Desde entonces, cada vez que tocaba un viaje por las serpenteantes carreteras mexicanas, me atiborraban de Dramamine hasta dejarme en un estado medio zombi. Así, drogada y medio inconsciente, sobreviví a la niñez, hasta que un día, casi sin darme cuenta, dejé atrás los mareos en el coche.

Había olvidado por completo la cinetosis… hasta que conocí a mi actual esposo, un apasionado del mar, cuya idea de la felicidad era navegar en altamar cada vez que podía. En cuanto llegó el buen clima, organizó una escapada para que conociera a sus amigos y sus familias.

El plan era sencillo, zarparíamos antes del alba para que yo pudiera hacer fotos del amanecer desde el barco, él y sus amigos pescarían en algún punto del trayecto, y al mediodía nos dirigiríamos a una pequeña isla para pasar el resto del día. Todo sonaba perfecto… en teoría.
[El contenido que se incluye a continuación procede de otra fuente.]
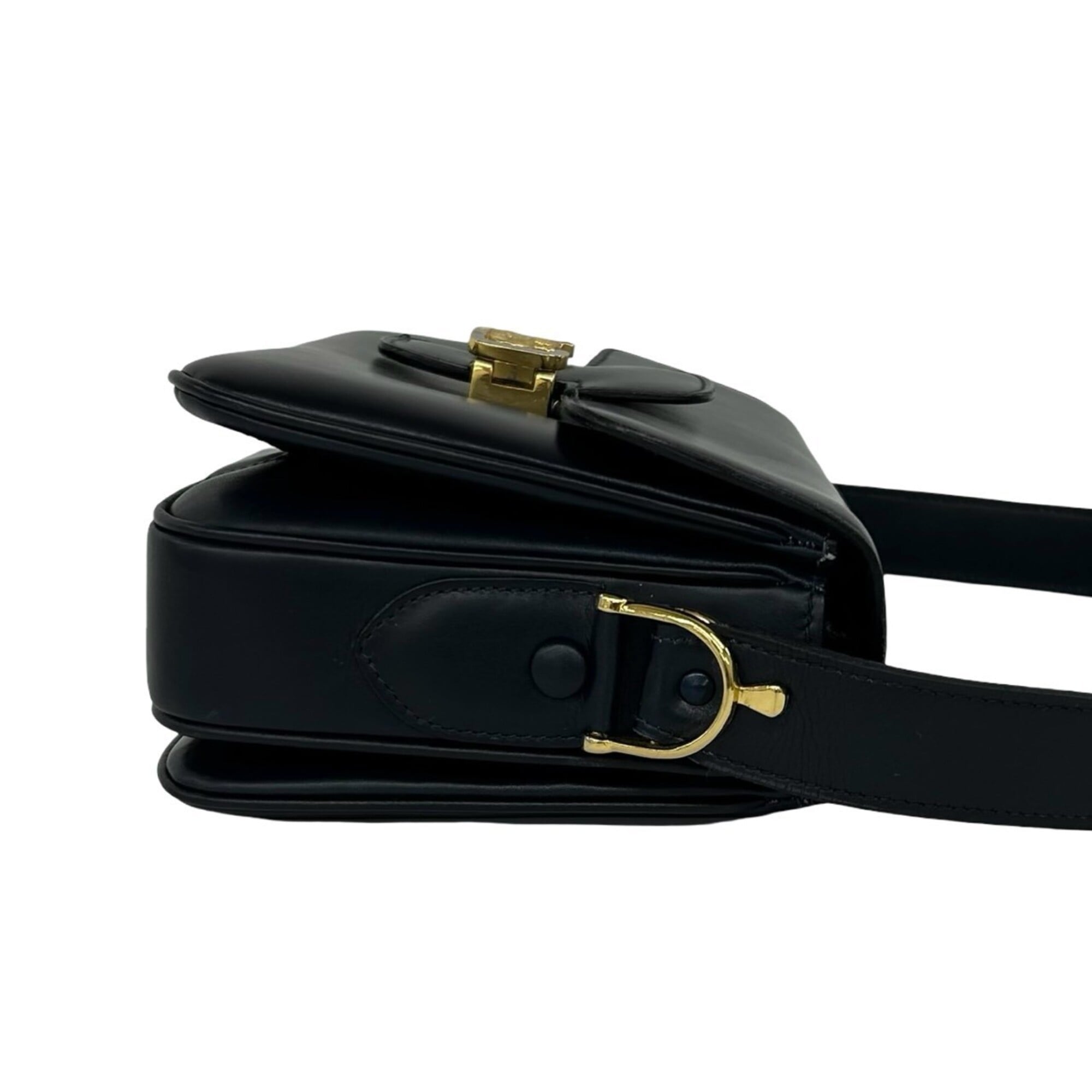 Celine Navy Leather Pochette Shoulder Bag (Pre-Owned)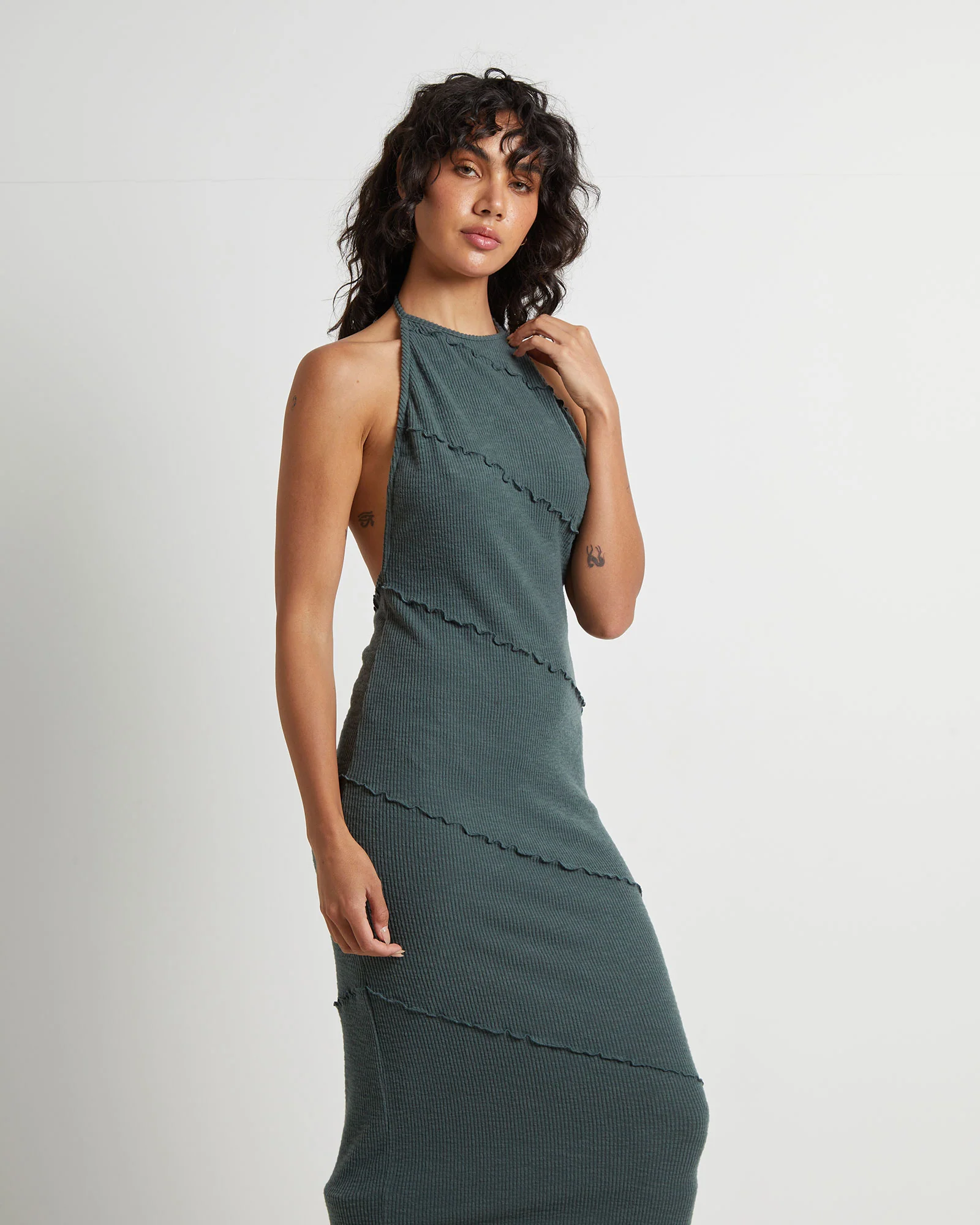 Daphne Panelled Seam Backless Halter Dress in Slate - Image 3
Nadie contaba con que el clima en el Golfo de México es un bastardo, con que se acercaría una inesperada depresión tropical y con que la marea cambiaría tanto y tan rápido como las hormonas de una adolescente.
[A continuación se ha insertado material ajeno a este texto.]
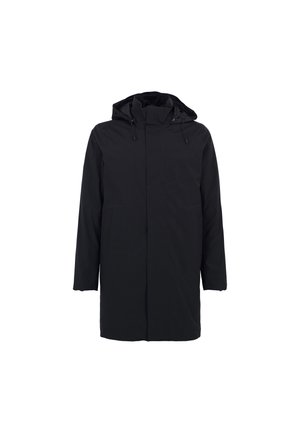 Zwarte waterdichte parka met capuchon, twee voorkozoeken en een rechte snit. Soepele textuur en minimalistisch ontwerp, geschikt voor verschillende weersomstandigheden.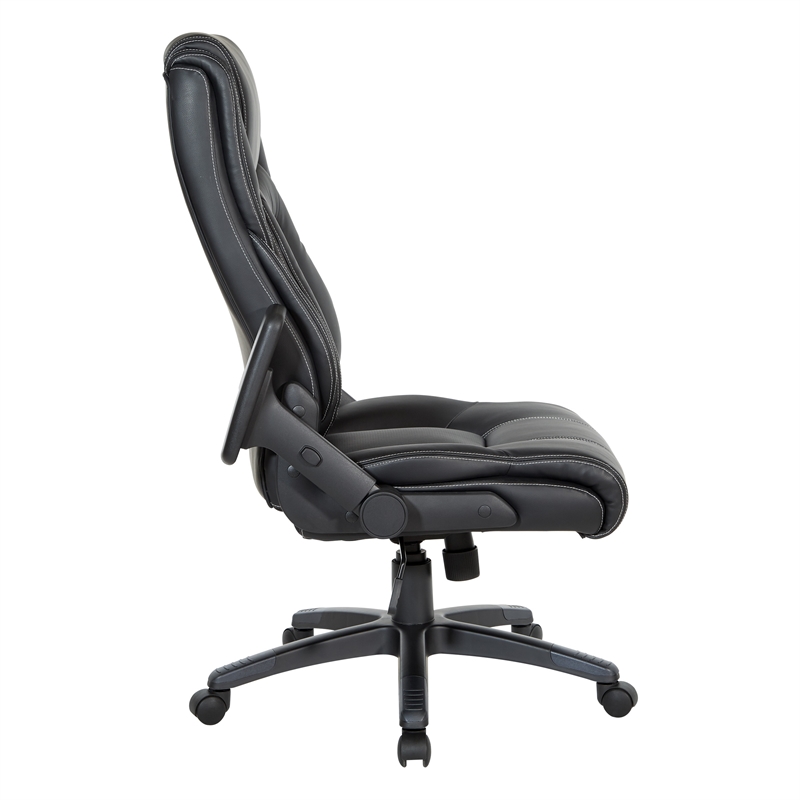 Executive High Back Office Chair in Black Bonded Leather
Un par de horas después, cincuenta millas mar adentro, con el mar completamente revuelto, empecé a sentirme como cuando mezclas tequila, cerveza y ron en una sola noche. Intenté concentrarme, respirar, aferrarme a cualquier sensación que no fuera la náusea. Respiré y respiré, pero fue inútil. Al final, corrí al pasillo lateral izquierdo y expulsé a propulsión el desayuno, la cena y “la nada”. Sí, “la nada”, porque llegó un punto en el que ya no tenía nada más que sacar, pero mi estómago seguía contrayéndose sin tregua, mientras las lágrimas salían de mis ojos por el esfuerzo.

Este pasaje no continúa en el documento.